━━━ AVAILABLE DATA ━━━

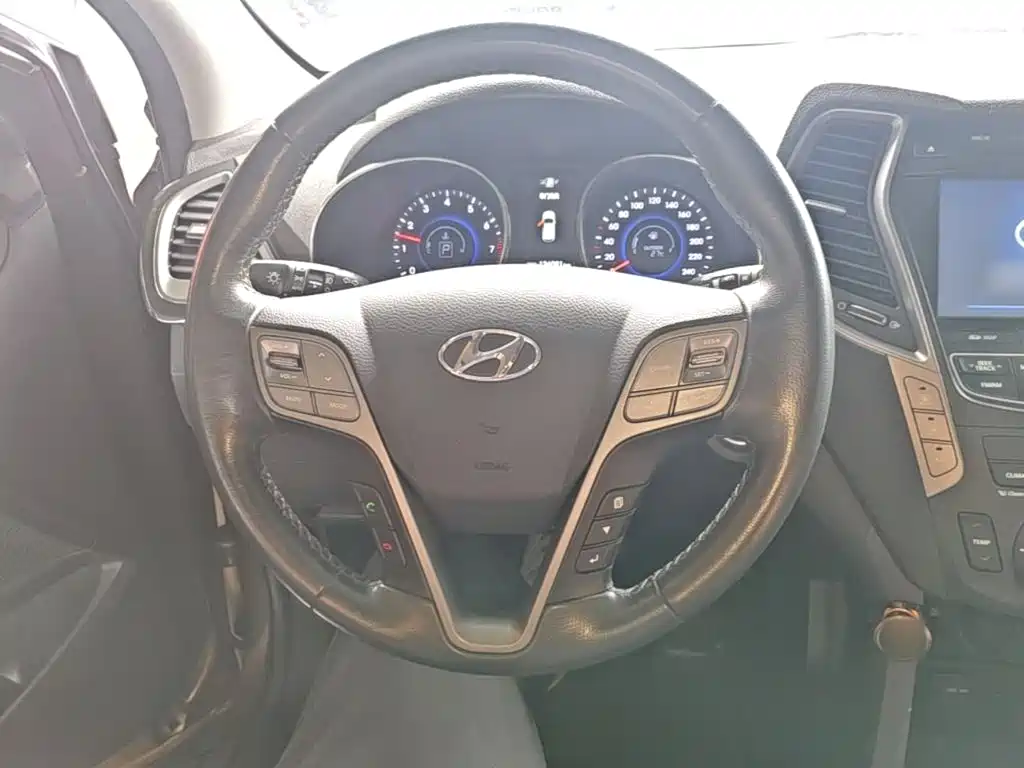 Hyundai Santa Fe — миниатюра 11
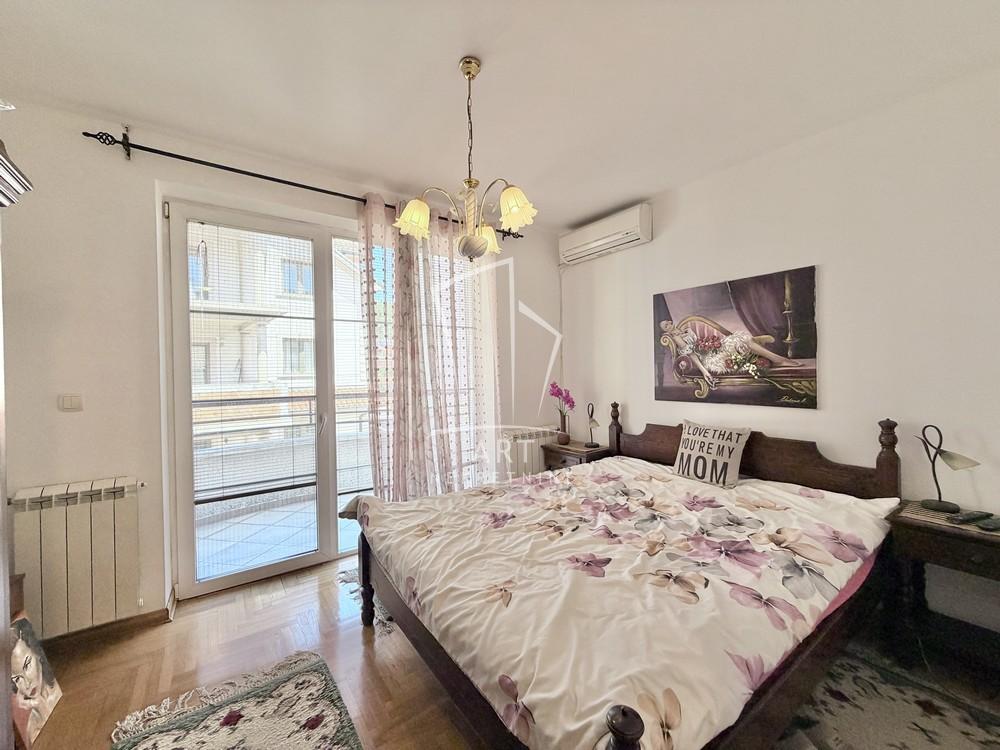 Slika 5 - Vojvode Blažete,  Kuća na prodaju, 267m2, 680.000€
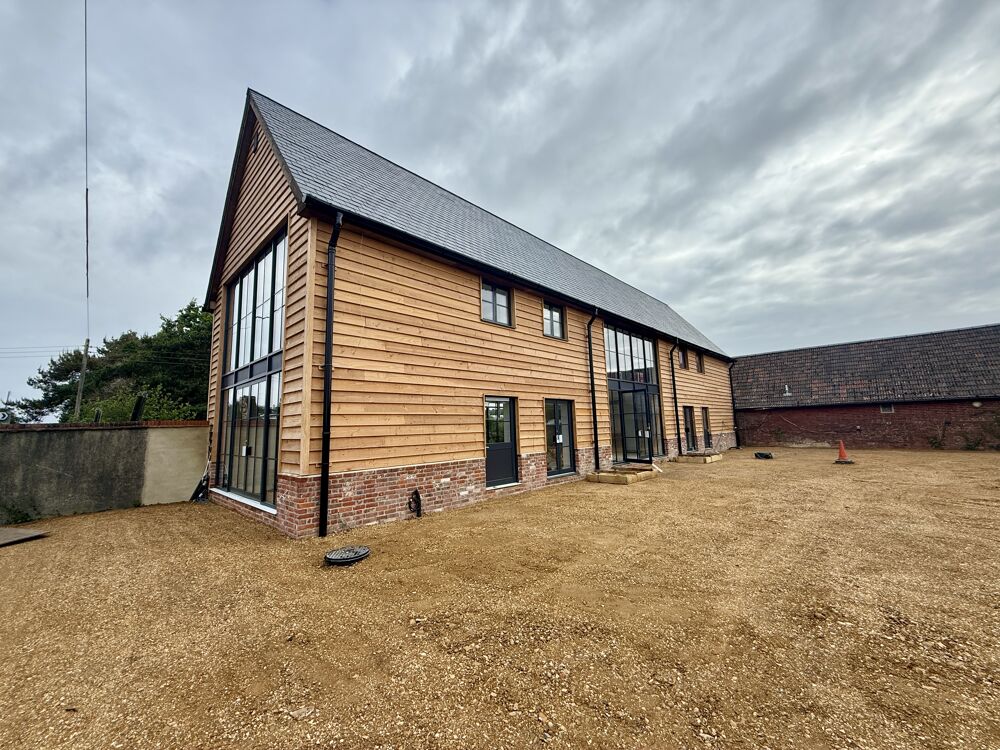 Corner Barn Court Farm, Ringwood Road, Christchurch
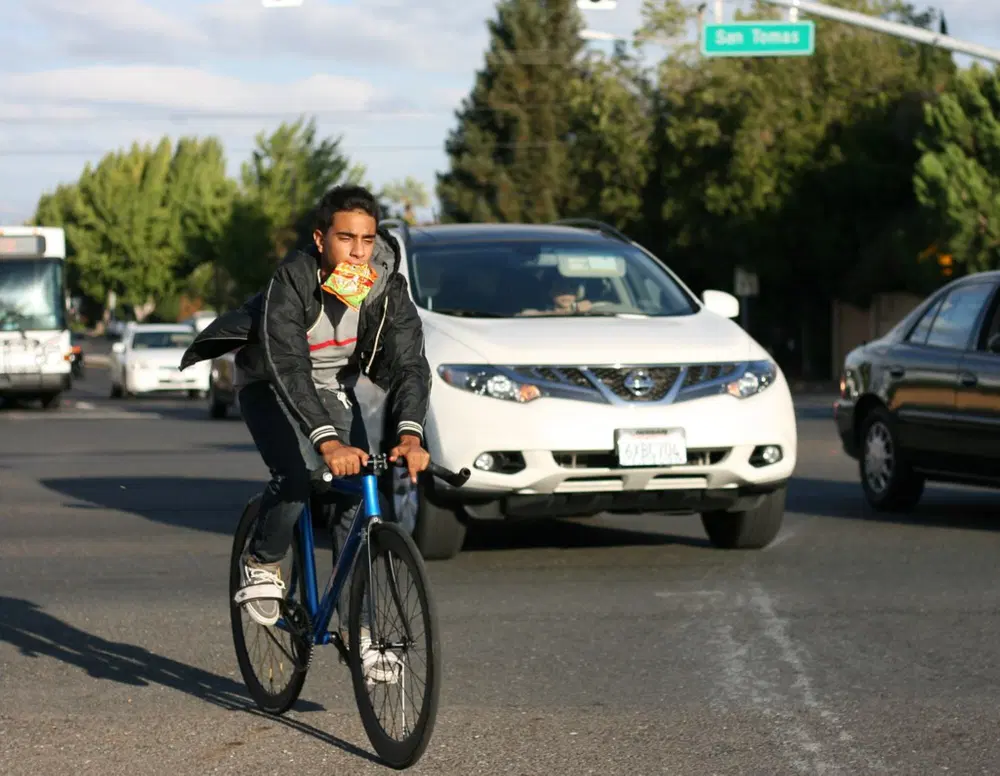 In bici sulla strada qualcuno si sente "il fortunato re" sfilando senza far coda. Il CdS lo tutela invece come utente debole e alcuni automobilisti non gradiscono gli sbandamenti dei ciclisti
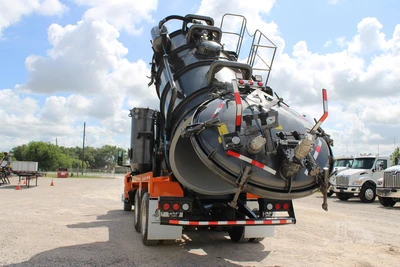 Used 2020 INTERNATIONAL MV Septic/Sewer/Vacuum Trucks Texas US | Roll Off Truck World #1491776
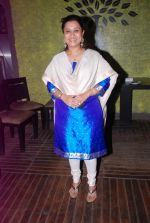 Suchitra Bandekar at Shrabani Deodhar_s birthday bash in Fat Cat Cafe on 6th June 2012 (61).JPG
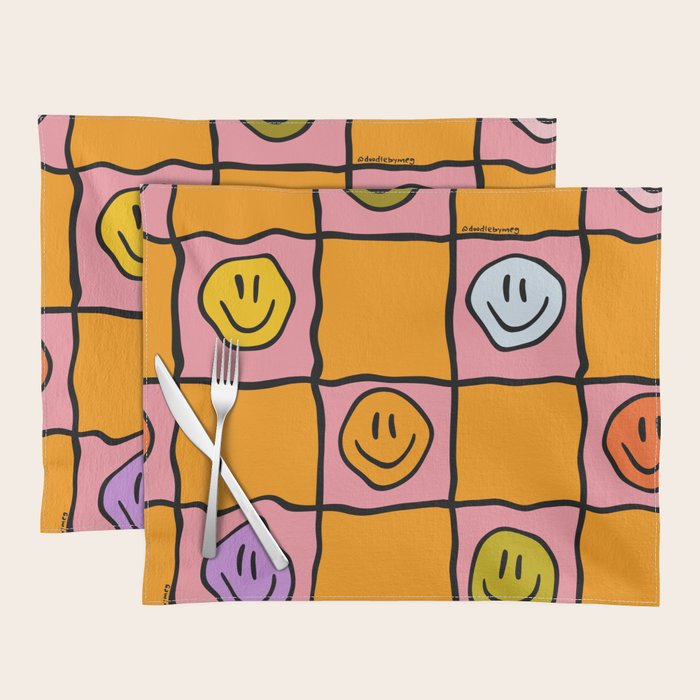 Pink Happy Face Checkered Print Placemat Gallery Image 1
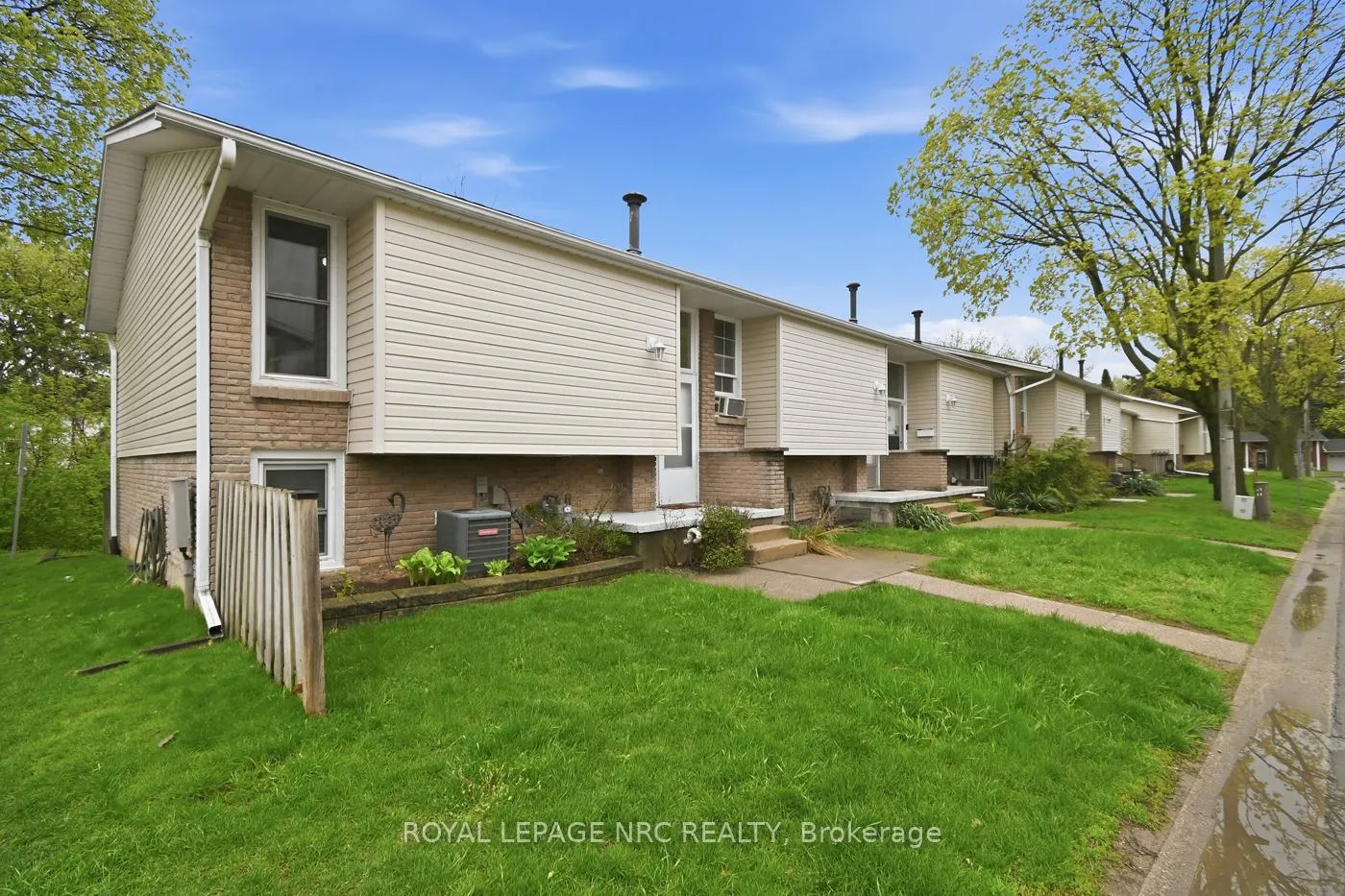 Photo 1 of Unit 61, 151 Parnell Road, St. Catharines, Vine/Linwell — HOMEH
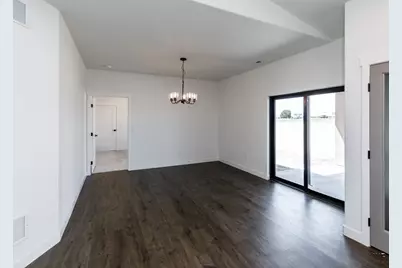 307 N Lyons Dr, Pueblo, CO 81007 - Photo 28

━━━

§ WHAT IS REQUIRED: Starting at the line containing "In bici sulla" and stopping at the line containing "Suchitra Bandekar at", output each line exactly as it appears above. Leave out the pictures.

§ OUTPUT OF THE EXERCISE:
 In bici sulla strada qualcuno si sente "il fortunato re" sfilando senza far coda. Il CdS lo tutela invece come utente debole e alcuni automobilisti non gradiscono gli sbandamenti dei ciclisti
 Used 2020 INTERNATIONAL MV Septic/Sewer/Vacuum Trucks Texas US | Roll Off Truck World #1491776
 Suchitra Bandekar at Shrabani Deodhar_s birthday bash in Fat Cat Cafe on 6th June 2012 (61).JPG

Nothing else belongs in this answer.